The Tea Party is mourning the death of Philadelphia cheesesteak magnate Joey Vento, who over the past few years had earned a national reputation for his outspoken views on illegal immigration and other issues. 

Vento, the founder of the famed Geno's Steaks, died Tuesday from a heart attack. He was 71. 

The Independence Hall Tea Party Association released a statement describing him as a "great friend of the conservative cause and the Tea Party movement." 

"Joey Vento was, and will always be, an inspiration to the cause of freedom and liberty," association President Teri Adams said. 

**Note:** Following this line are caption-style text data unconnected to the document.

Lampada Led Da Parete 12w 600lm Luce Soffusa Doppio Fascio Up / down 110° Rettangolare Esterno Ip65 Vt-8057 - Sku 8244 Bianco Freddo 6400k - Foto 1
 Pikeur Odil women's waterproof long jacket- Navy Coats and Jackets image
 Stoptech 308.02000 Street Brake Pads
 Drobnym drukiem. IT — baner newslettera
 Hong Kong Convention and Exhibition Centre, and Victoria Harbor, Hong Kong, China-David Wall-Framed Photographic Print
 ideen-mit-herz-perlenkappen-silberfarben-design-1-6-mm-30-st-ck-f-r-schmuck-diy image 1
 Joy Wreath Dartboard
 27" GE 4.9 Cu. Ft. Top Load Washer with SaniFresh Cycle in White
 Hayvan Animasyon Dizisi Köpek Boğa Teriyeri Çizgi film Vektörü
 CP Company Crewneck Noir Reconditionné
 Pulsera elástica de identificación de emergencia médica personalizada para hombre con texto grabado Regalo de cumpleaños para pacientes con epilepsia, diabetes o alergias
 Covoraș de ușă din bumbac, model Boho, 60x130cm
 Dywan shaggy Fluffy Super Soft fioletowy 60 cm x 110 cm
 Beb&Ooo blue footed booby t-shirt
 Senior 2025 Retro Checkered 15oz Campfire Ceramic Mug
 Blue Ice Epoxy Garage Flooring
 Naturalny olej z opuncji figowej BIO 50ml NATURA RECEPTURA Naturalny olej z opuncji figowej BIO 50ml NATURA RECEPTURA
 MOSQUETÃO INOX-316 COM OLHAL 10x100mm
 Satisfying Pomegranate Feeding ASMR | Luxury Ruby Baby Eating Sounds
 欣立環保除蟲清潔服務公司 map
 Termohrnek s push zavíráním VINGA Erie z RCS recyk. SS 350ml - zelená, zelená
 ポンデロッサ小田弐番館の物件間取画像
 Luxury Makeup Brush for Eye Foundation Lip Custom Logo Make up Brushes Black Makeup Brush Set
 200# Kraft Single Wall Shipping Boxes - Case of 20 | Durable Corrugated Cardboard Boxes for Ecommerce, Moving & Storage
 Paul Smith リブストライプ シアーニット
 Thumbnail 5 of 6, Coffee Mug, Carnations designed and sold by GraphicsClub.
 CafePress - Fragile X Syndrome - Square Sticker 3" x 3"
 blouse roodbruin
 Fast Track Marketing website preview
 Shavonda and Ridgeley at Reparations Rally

Vento was a local legend for decades, operating his popular sandwich shop across the street from arch-rival Pat's. He stirred controversy in 2006 when he posted a sign in his restaurant telling customers to "speak English" when ordering. The sign prompted a discrimination complaint -- which was later dismissed -- but as Vento fought it he emerged in the media as somewhat of a conservative pundit. 

The Independence Hall Tea Party Association had named him their "Patriot of the Year" in 2011. Vento regularly spoke at their events. During his July 4 acceptance speech, he railed against the problem of illegal immigration as well as the new federal health care overhaul.

The Independence Hall Tea Party Association covers Pennsylvania, Delaware and New Jersey.